(GIVEN RECORDS begins)
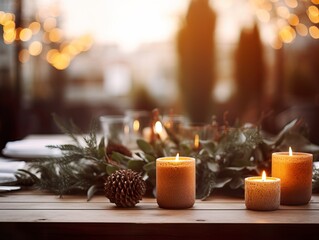 Winter holiday season festive dining table decoration with candles and beautiful tableware, elegant table decor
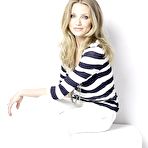 Pic of Cameron Diaz in white pants and striped blouse photoshoot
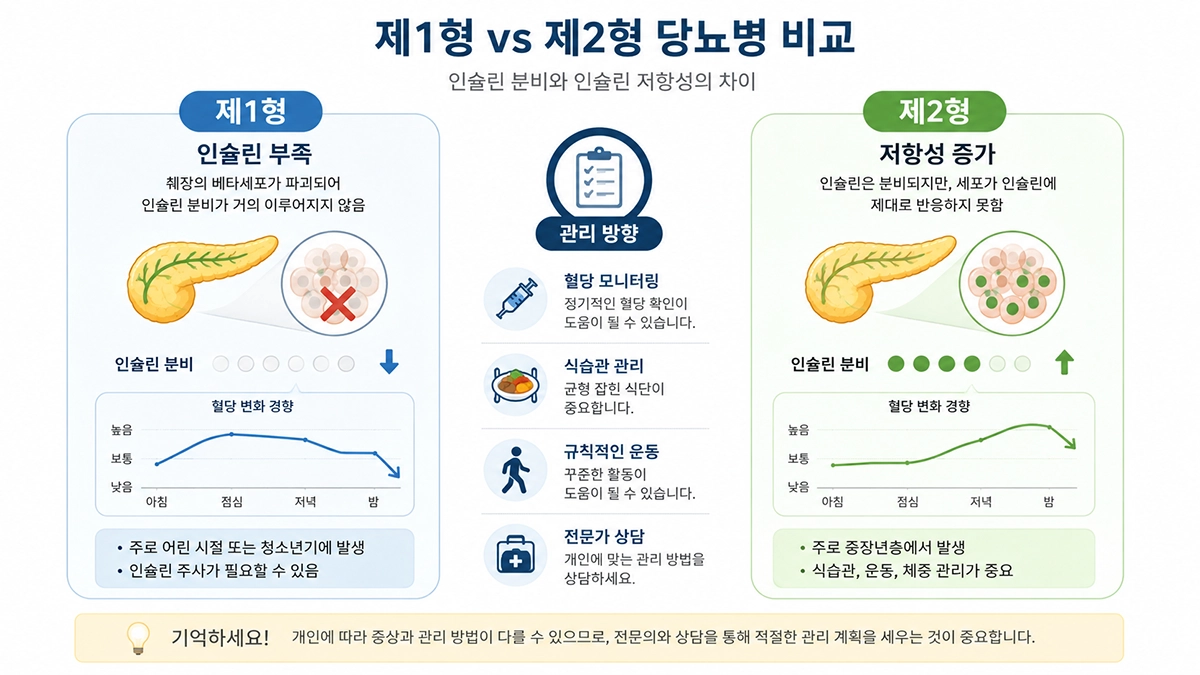 당뇨병 초기증상과 관련된 제1형 당뇨병과 제2형 당뇨병 차이를 설명한 비교 인포그래픽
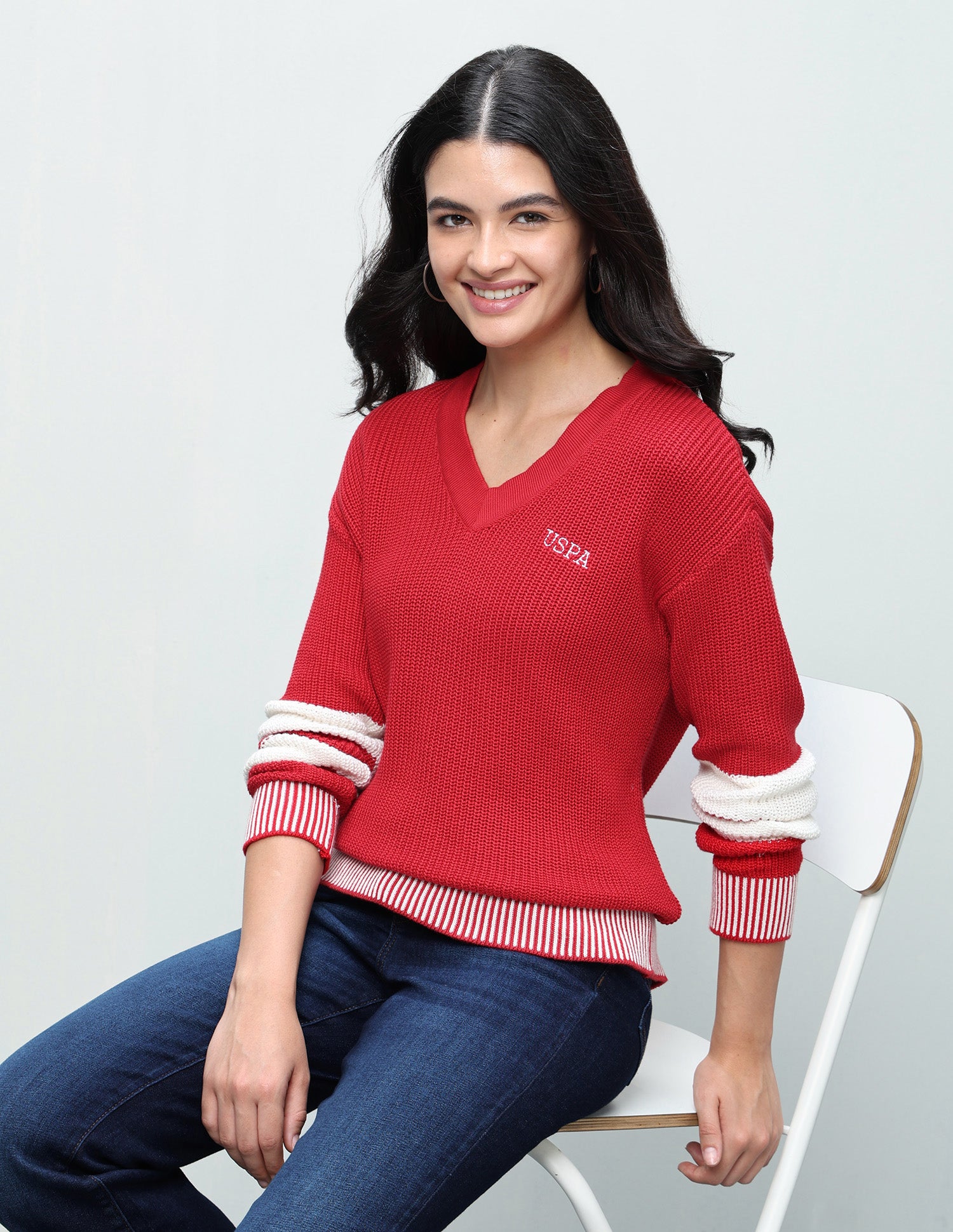 Patterned Knit Regular Fit Sweater Red - U.S. Polo Assn. India | Large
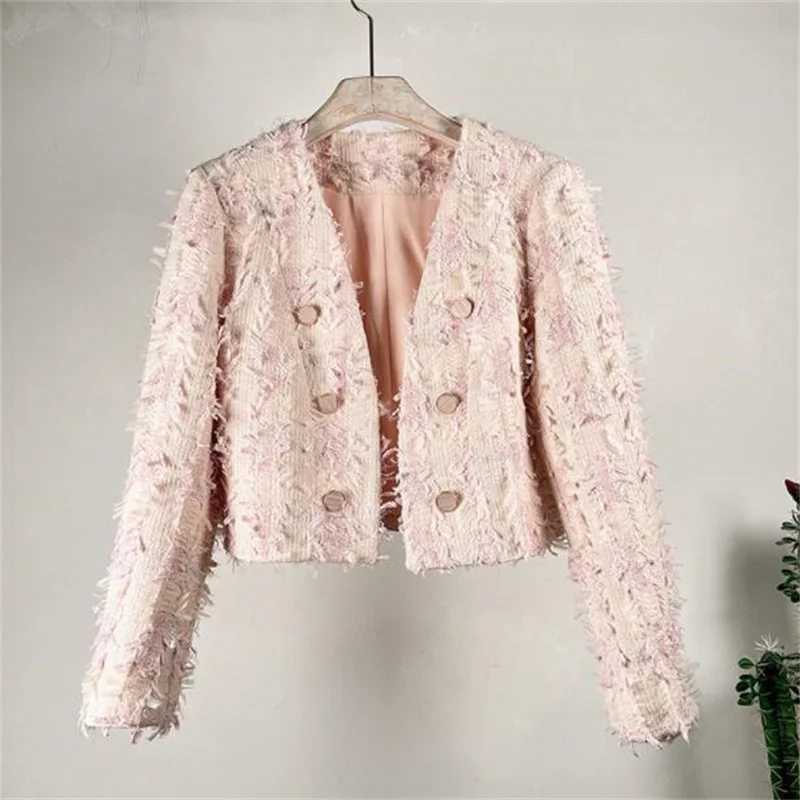 Short coat women's jackets spring tweed woven fringed double breasted clothes new French retro temperament pink beige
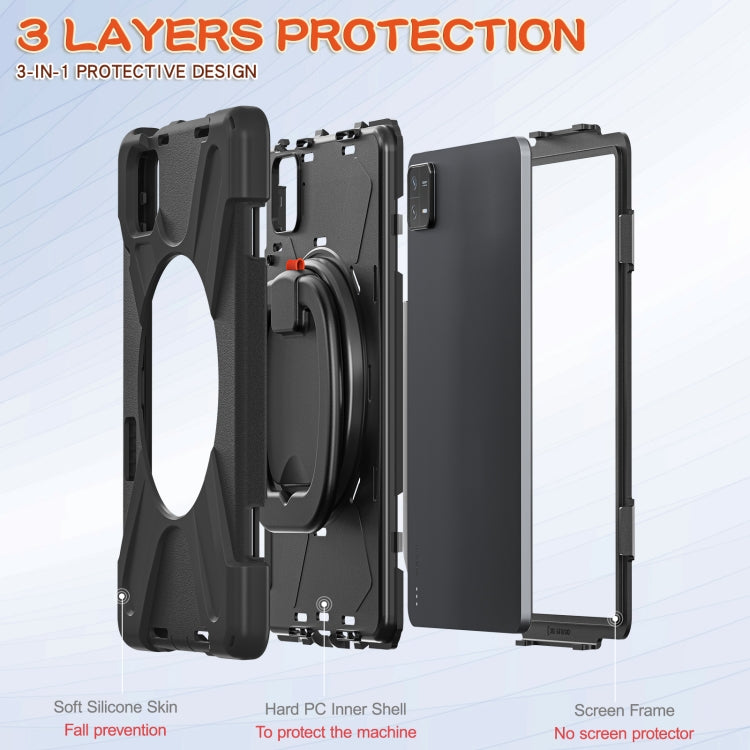 For Xiaomi Pad 6 / 6 Pro Silicone Hybrid PC Tablet Case with Holder & Shoulder Strap(Black) -  by PMC TechLife | Online Shopping South Africa | PMC TechLife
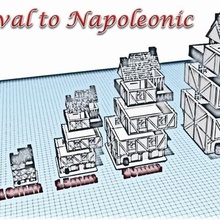 2 Ortaçağ wargame Napolyon bina warhammer şehir ev sahne diorama 3d print model - Mito3D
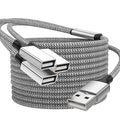 6.6FT USB Splitter, USB A Male to 3 Female Extension Cable Support Charging and by Unknown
(GIVEN RECORDS ends)
**ACTIVITY**
Pictures excluded, give again exactly and only the lines of the material above from the line with "당뇨병 초기증상과 관련된" through the line with "For Xiaomi Pad".

**SOLUTION TO THIS TASK**
 당뇨병 초기증상과 관련된 제1형 당뇨병과 제2형 당뇨병 차이를 설명한 비교 인포그래픽
 Patterned Knit Regular Fit Sweater Red - U.S. Polo Assn. India | Large
 Short coat women's jackets spring tweed woven fringed double breasted clothes new French retro temperament pink beige
 For Xiaomi Pad 6 / 6 Pro Silicone Hybrid PC Tablet Case with Holder & Shoulder Strap(Black) -  by PMC TechLife | Online Shopping South Africa | PMC TechLife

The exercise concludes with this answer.